走るってこと
世は、猫も杓子ものマラソンブームである。
飽食の果てに健康を得るためのいじましさの感もあるが、それも結構である。
だけど、一人黙々と走らなければならないマラソンは根気が要るし、
ただ苦しい走りをしていたんじゃ三日坊主が関の山だ。
スポーツと言う言葉は、競うとか鍛えるといったイメージが強いが、
もともと解放とか自由と言う意味が内包されているのだそうだ。
体を動かすことを楽しむことで、心身を解放するということだろう。
私がフルマラソンに始めて挑戦したのは、もう20数年前のことだ。
その頃は、楽しむなんてことは想像すら出来なかった。
相当な覚悟で望んだその小笠・掛川マラソンの結果は悲惨なものだった。
20k位までは快調に駆けたんだが、その後は歩くのも苦痛になった。
ドンドン追い抜かれていくし、制限時間は迫ってくる。
自分の体でありながら如何とも言うことを聞かない。
泣きたい様な気持と動かない体を引きずって、やっとのことで門限間際の5時間でゴール。

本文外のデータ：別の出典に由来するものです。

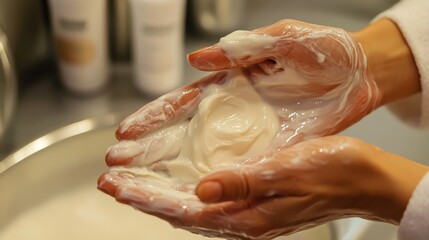 Close-up of hands cupping a dollop of creamy white soap suds.  A simple concept of cleanliness and hygiene.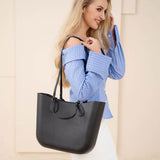 Large Structured Rubber Shoulder Tote Bag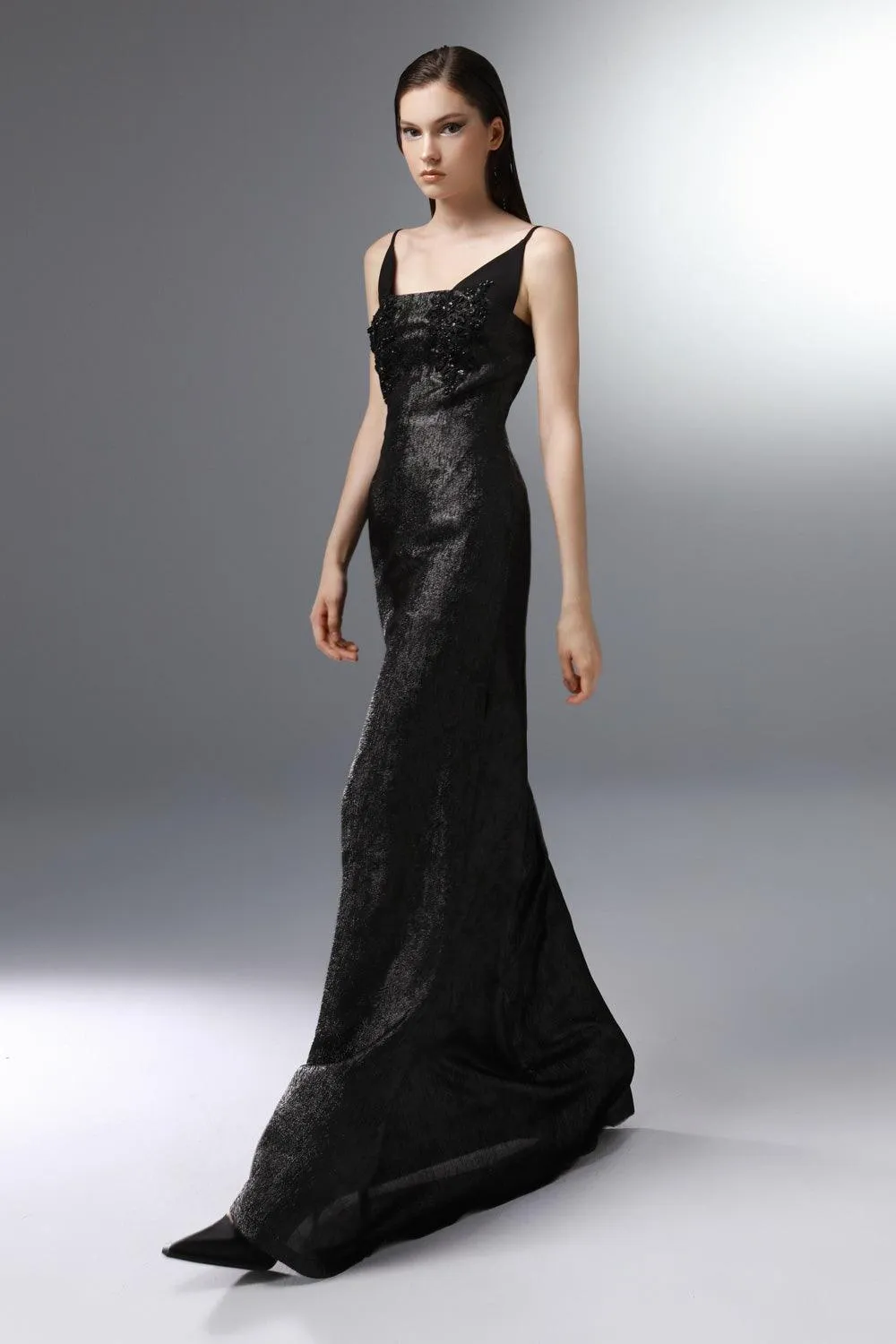 Regale A-line Sleeveless Poly Silk Floor Length Dress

ゴールしてから帰宅するまでが、動くことも儘ならずまた大変だった。
あぁ~、マラソンとはこう言うものだったのかと、その時初めて知った。
それから四半世紀、その私が今ではウルトラマラソンを走っている。
しかも楽しんで走っている。
自分の心と体の対話を楽しんでいる。
殊にマラニックは出会いあり会話あり、そして観光ありで飛びっきりのレジャーだ。
マラソンは無心に体を動かし続ける単調なスポーツだけど、どのレースにもドラマがある。
無心に走るのは座禅にも似て、自分との奥深い所での対話でもある。
そしてどのレースだって、自分が主人公で無かったためしはない。
だからマラソンは、心と身の人生ゲームだと思う。
遥かかなたのゴールに向かって走り続ける生涯のゲームさ。